In the last few years, the attention mechanism has been widely used in computer vision as a method that may enhance convolutional neural networks (CNNs). Its primary objective is to choose the most critical pieces of information from a large amount of data. SENet [22] proposed a squeeze and exception network based on the relationship between feature channels. The interdependence between feature channels is modelled explicitly, and the weight of each feature channel is automatically obtained by learning. Then, according to the weight, the model enhances the valuable features and suppresses the useless features for the current task. SKNet [23] inspired cortical neurons to dynamically adjust their receptive fields according to different stimuli, used multiscale feature information to guide the distribution, and focused on which kernel representation to use. To emphasize the meaningful features in the two region and channel dimensions, CBAM [24] combines the two channel and spatial attention modules to achieve better feature representation.

2.2 Pose estimation

The research on pose estimation has diverged from classical methods [11, 12] to deep learning [25,26,27]. In general, this problem can be divided into four tasks: single-person skeleton estimation, multi-person pose estimation, video pose tracking, and 3D skeleton estimation.
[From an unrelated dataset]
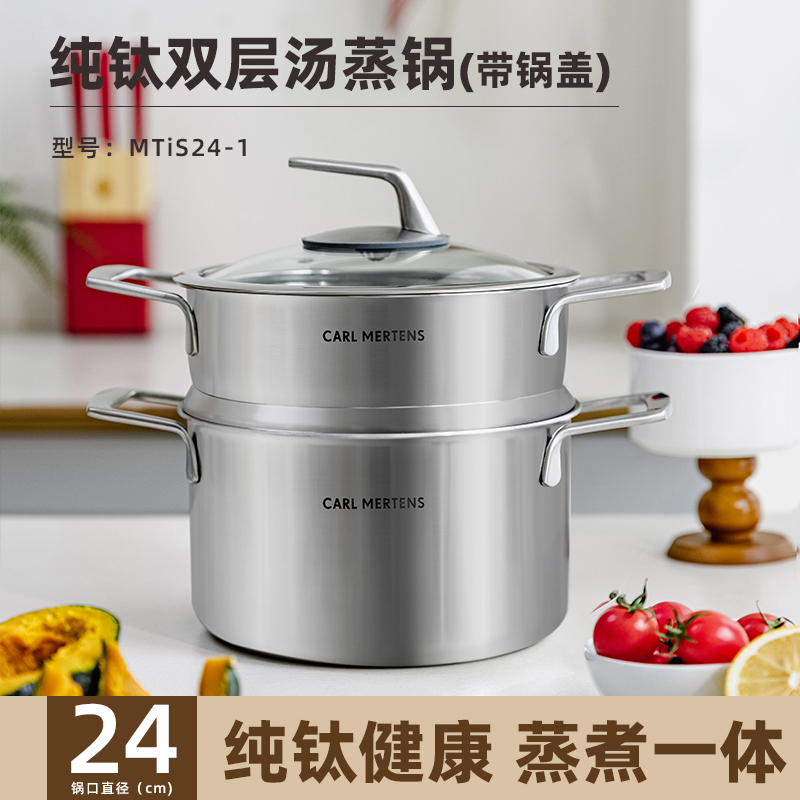 砂锅炖锅/奶锅/珐琅锅/搪瓷/玻璃盖锅具产品图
For single-person skeleton estimation, a picture of the cropped person is used as input, and then the keypoints needed in the body area, such as the head, left hand, and right knee, are predicted. Keypoints can be used to indicate the position of the human body and can assist with a variety of visual issues. In this paper, we use OpenPose [26] to produce keypoints, including the position of keypoints on the face, hand, and joints of the human body, since it is a multistage pose estimator with continuous pose prediction.

2.3 Person re-identification

Person re-identification addresses the problem of matching pedestrian images across disjoint cameras. The key challenge lies in the large intragroup and small intergroup differences caused by different views, illumination, occlusion, and poses. Existing techniques can be classified as follows: hand-crafted descriptors [10, 30], metric learning methods [32,33,34], and deep learning algorithms [2,3,4,5,6,7,8,9,10, 35]. The aforementioned Re-ID approaches are not robust to changes in human pose and camera viewpoint, restricting their applicability in real-world surveillance scenarios.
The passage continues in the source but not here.